Molecular Psychiatry
Psychosis and microbial agents
RH Yolken and EF Torrey
474
Occasional cases have been described with delusions
and hallucinations.48 The microbe is known to be
neurotrophic and to infect both neurons and glia.49
Serologically, the first research linking schizophrenia
and other psychoses to an increase in antibodies to
T. gondii was published in 1953; since then, at least
41 other studies have been carried out. A recent
meta-analysis on 23 of these studies reported an odds
ratio for schizophrenia risk associated with serological evidence of T. gondii infection as 2.73 (95%
confidence interval, 2.10–3.60; P < 0.000001).50 While
still in the range of moderate association, this odds
ratio is substantially higher than that found in most
meta-analyses of specific genes associated with schizophrenia risk.

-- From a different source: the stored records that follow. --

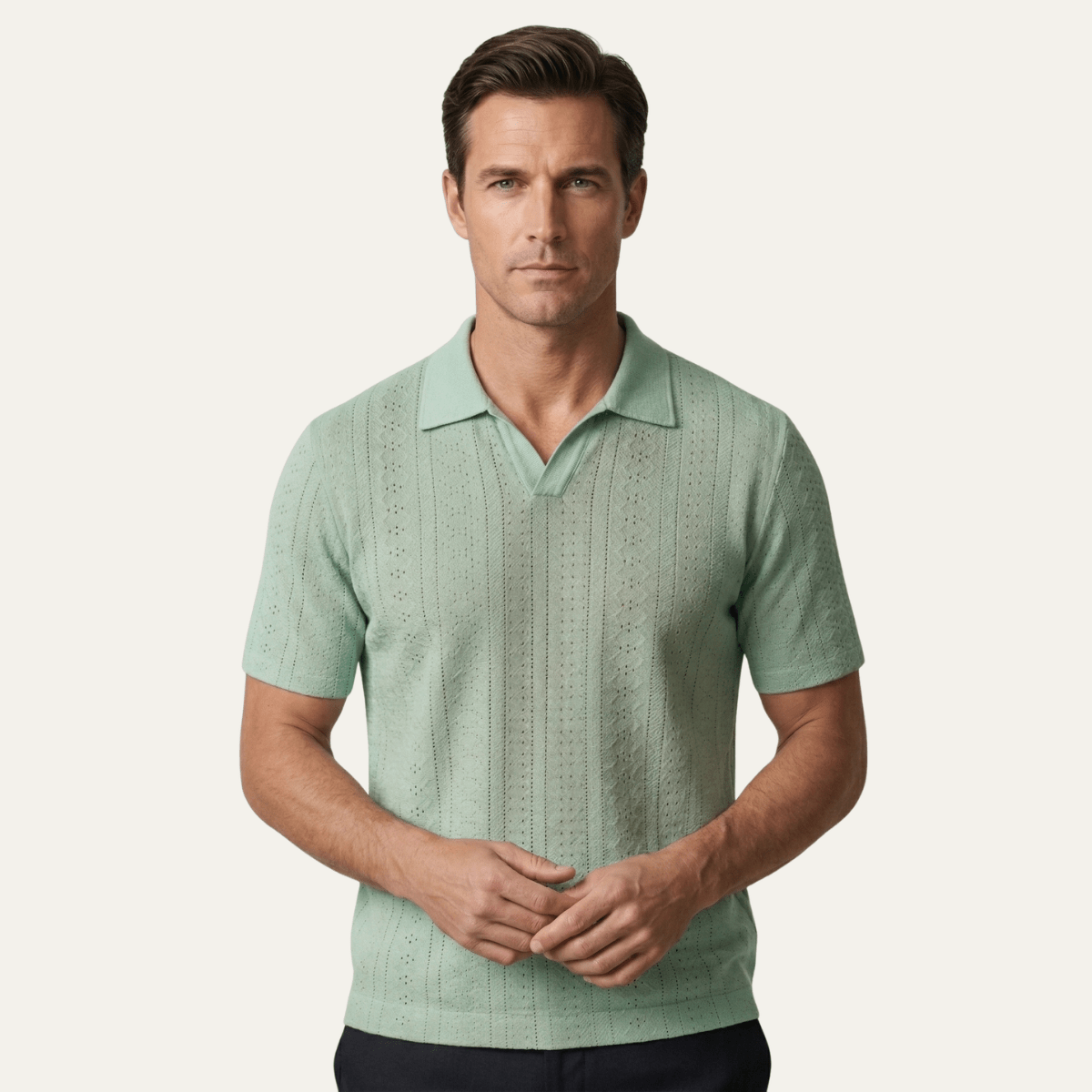 Herren-Poloshirt — Strukturierter Strick Kurzarm Kragen Reguläre Passform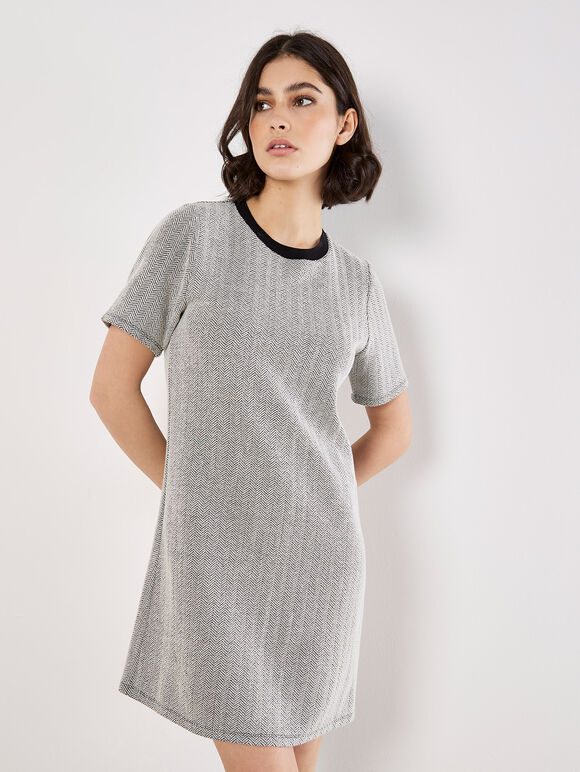 Chevron T-Shirt Mini Dress, Black, large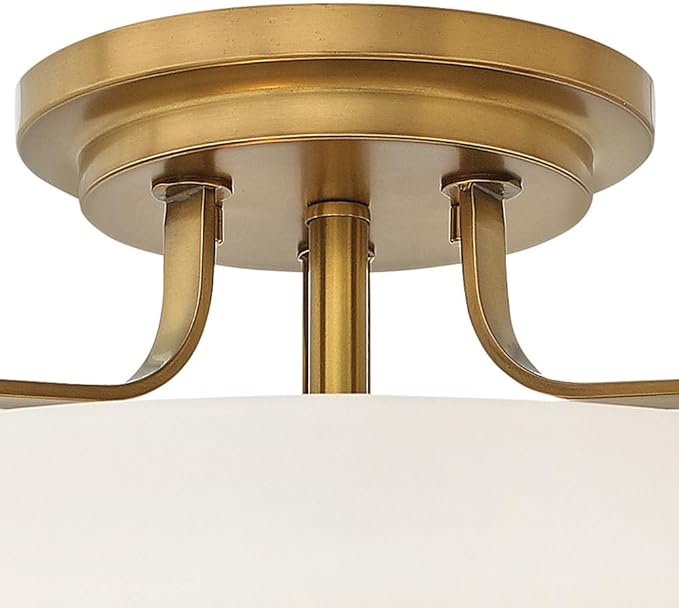 Hinkley Harper Medium Semi-Flush Mount Ceiling Light - Sleek, Retro Style, Etched Opal Glass - Heritage Brass Finish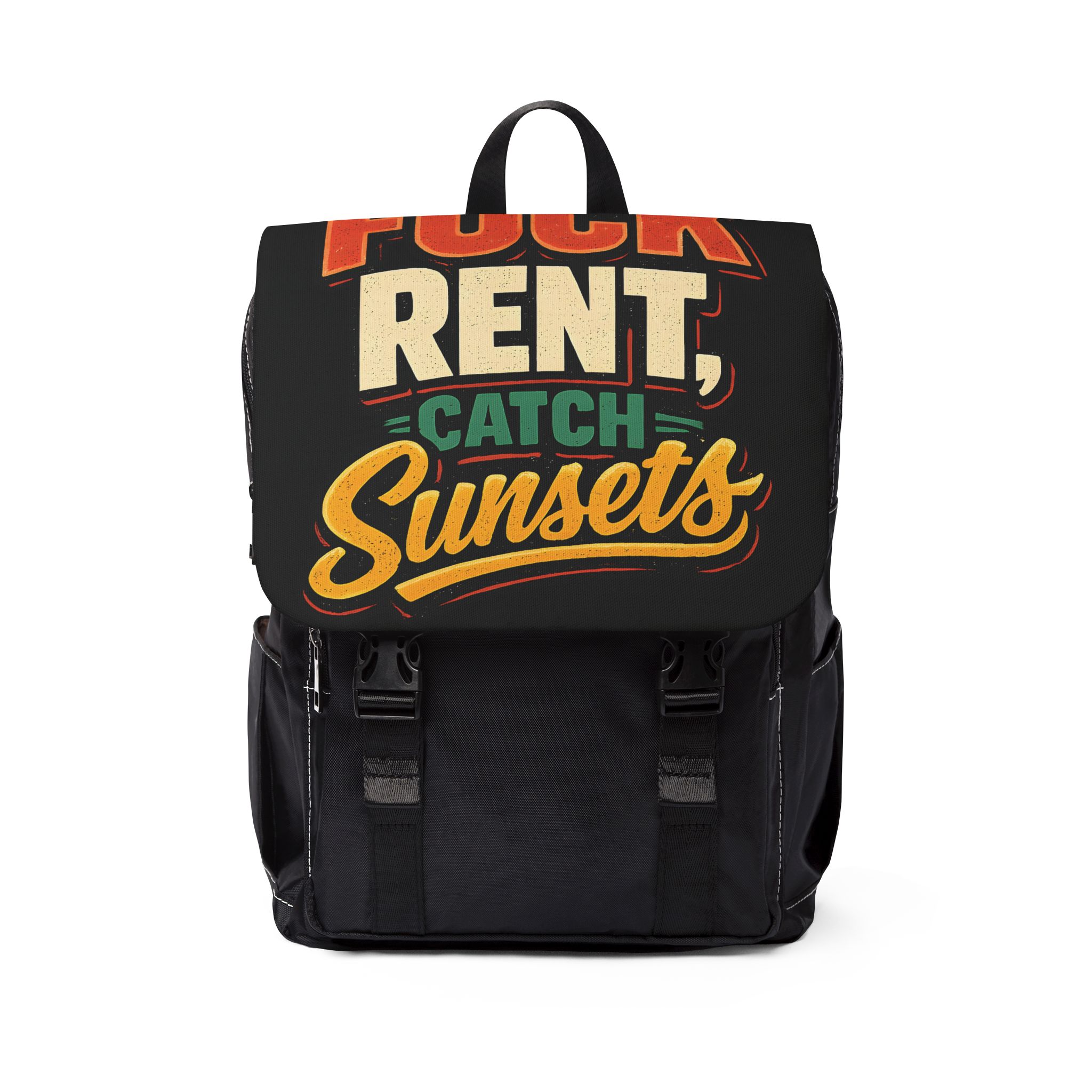 11602587194803441061_2048.jpeg Unisex Casual Shoulder Backpack — "Fuck Rent Catch Sunsets" Design F**K-Line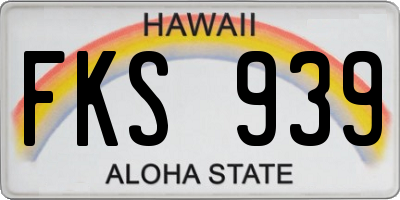 HI license plate FKS939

These serological findings are supported by other
studies linking T. gondii to schizophrenia. A study
of newborn sera and a study of maternal sera of
individuals who later developed schizophrenia and
schizophrenia spectrum disorders both reported more
T. gondii antibodies in cases than in controls.27,28 In
addition, preliminary analysis of a cohort of individuals in the US Military indicates that increased
levels of Toxoplasma antibodies can be found in
individuals prior to the onset of symptoms, obviating
the possibility that the finding of increased levels of
antibodies is an epiphenomenon associated with
exposure occurring after the onset of disease.51
There are a number of reasons why interest in the
study of the role of Toxoplasma and other infectious
agents in the etiology of schizophrenia has, until
recently, been limited to a small number of investigators. First, until recently, there was little understanding of the molecular biology of T. gondii and the
pathophysiological mechanisms by which Toxoplasma
infection causes disease. Recently, the techniques that
led to the sequencing of the human genome have been
applied to the sequencing of protozoan genomes as
well, resulting in a corresponding increase in the
characterization and understanding of the molecular
basis of infection. For example, the characterization of
the genome of T. gondii, which was completed in 2005,
has led to an increased understanding of the biology of
Toxoplasma infections and to the development of
assays for antibodies to specific Toxoplasma proteins.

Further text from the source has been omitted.